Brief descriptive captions

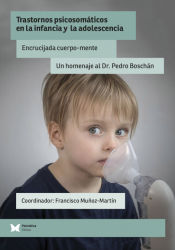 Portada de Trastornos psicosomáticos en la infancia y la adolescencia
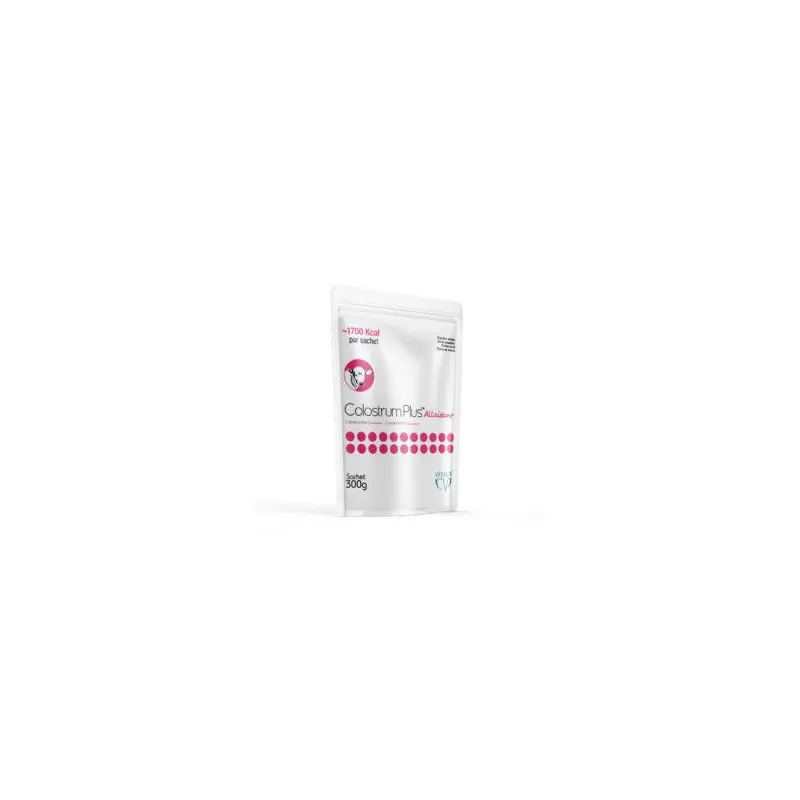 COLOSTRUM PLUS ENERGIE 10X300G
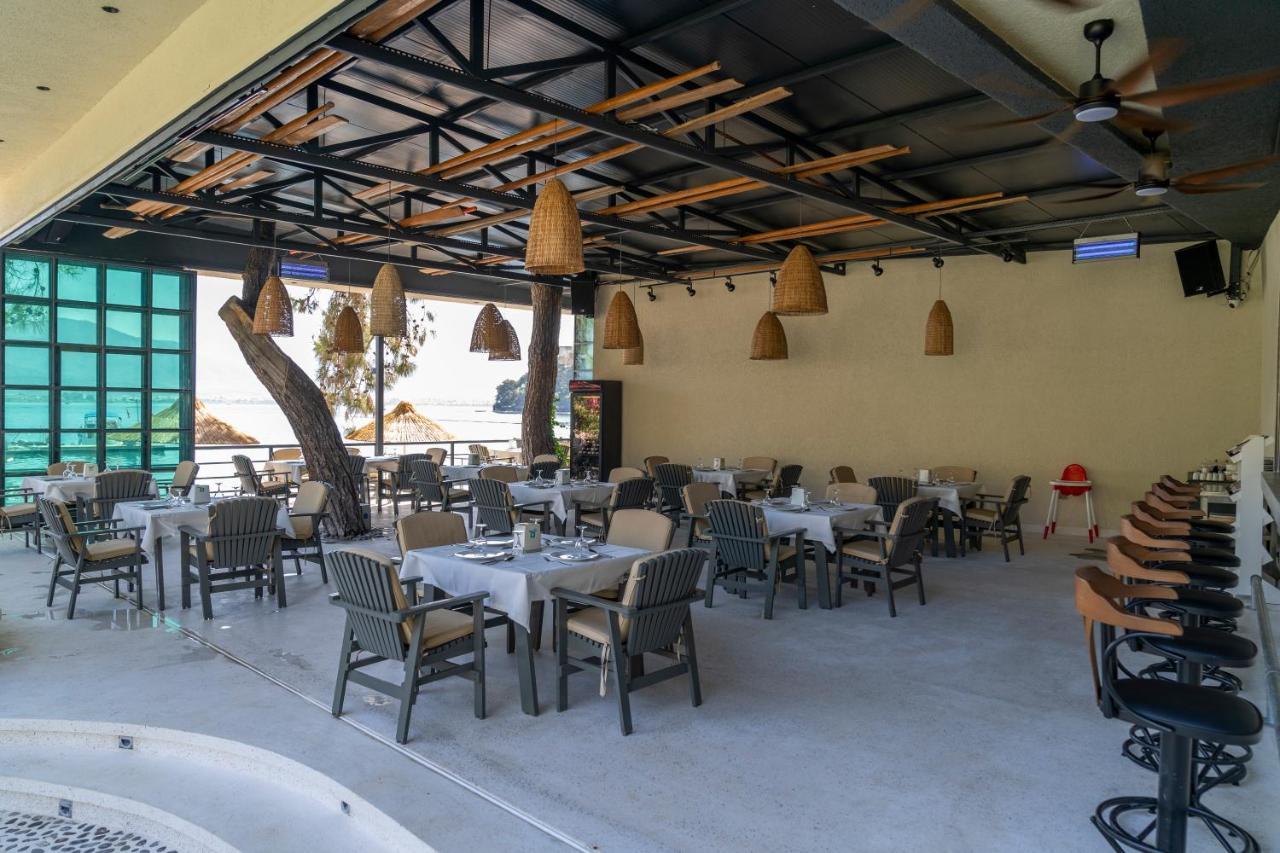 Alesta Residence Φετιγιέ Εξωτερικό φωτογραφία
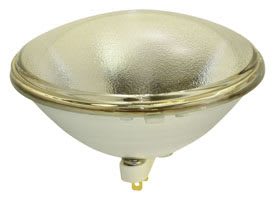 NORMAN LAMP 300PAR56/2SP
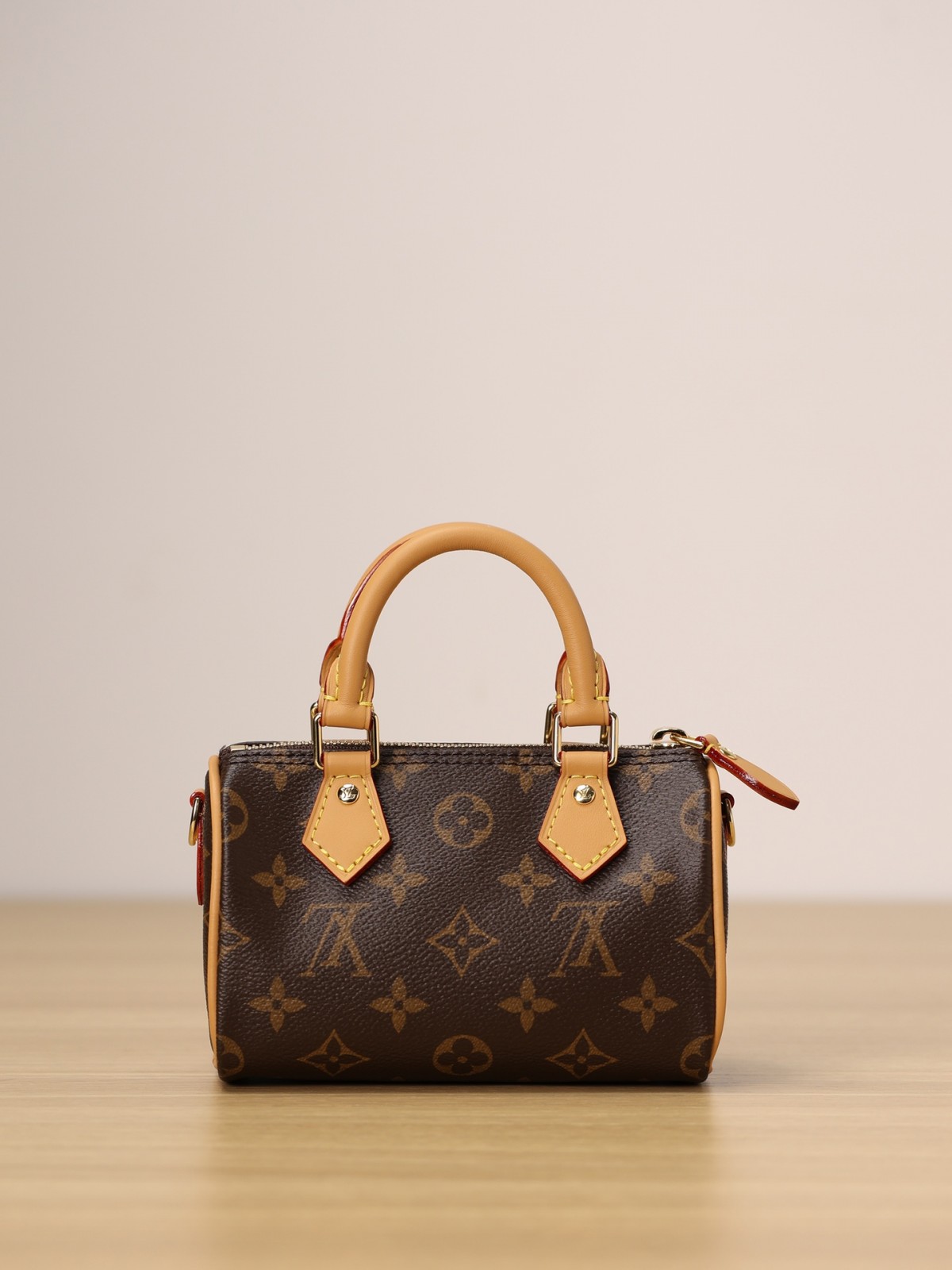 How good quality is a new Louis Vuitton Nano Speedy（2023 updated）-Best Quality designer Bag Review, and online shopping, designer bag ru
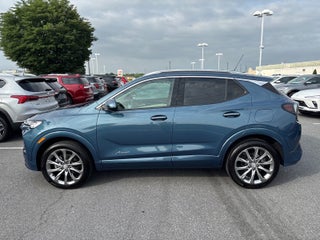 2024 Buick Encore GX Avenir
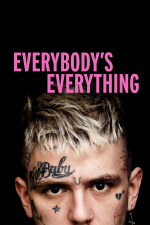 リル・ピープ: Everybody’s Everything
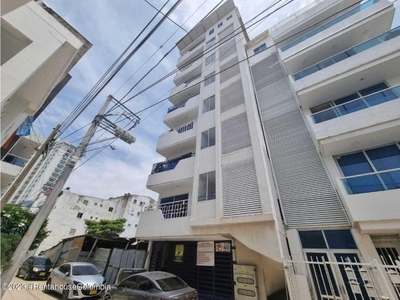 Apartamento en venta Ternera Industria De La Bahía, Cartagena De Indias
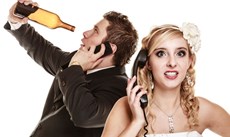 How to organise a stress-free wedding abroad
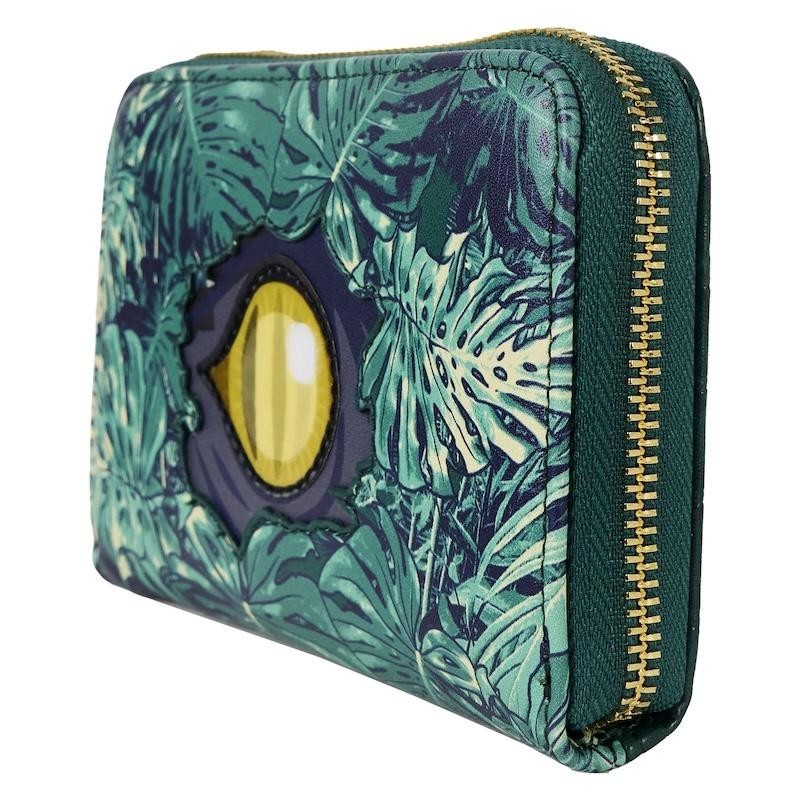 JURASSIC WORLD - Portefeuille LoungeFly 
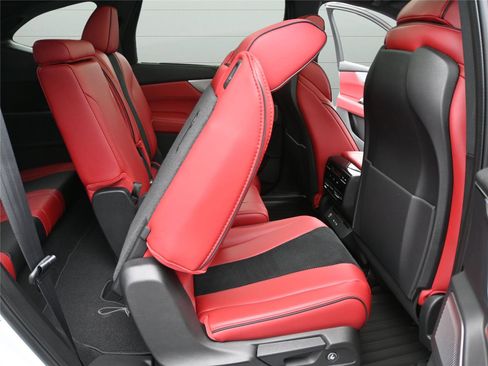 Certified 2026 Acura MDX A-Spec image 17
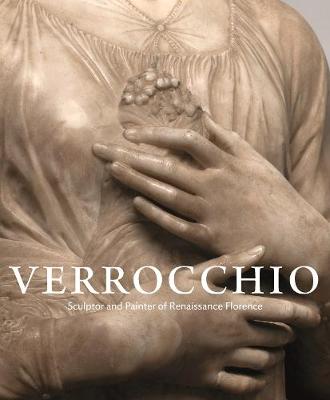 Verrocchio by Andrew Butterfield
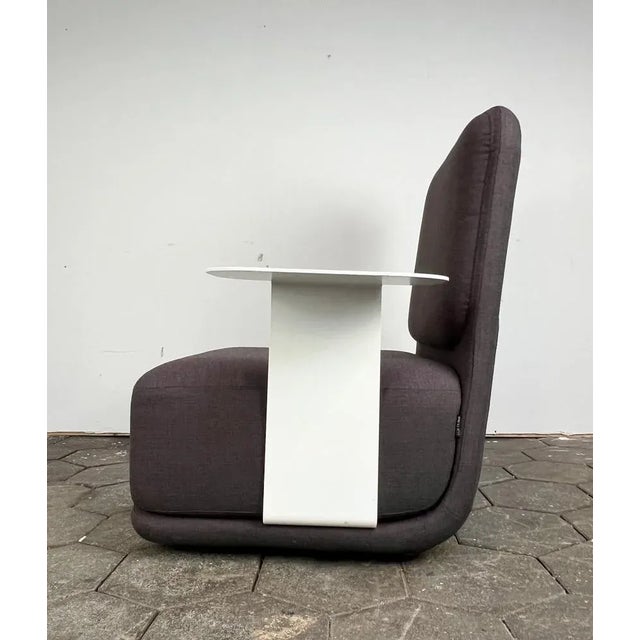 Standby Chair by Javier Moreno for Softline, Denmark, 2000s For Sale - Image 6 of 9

* _TASK DIRECTIONS_: In the records above, find the line with "COLOSTRUM PLUS ENERGIE 10X300G" and the line with "Apartamento en venta". Write out exactly those lines and every one between, with no pictures and no other lines.

* _ANSWER SPACE_:
 COLOSTRUM PLUS ENERGIE 10X300G
 Alesta Residence Φετιγιέ Εξωτερικό φωτογραφία
 NORMAN LAMP 300PAR56/2SP
 How good quality is a new Louis Vuitton Nano Speedy（2023 updated）-Best Quality designer Bag Review, and online shopping, designer bag ru
 2024 Buick Encore GX Avenir
 リル・ピープ: Everybody’s Everything
 Apartamento en venta Ternera Industria De La Bahía, Cartagena De Indias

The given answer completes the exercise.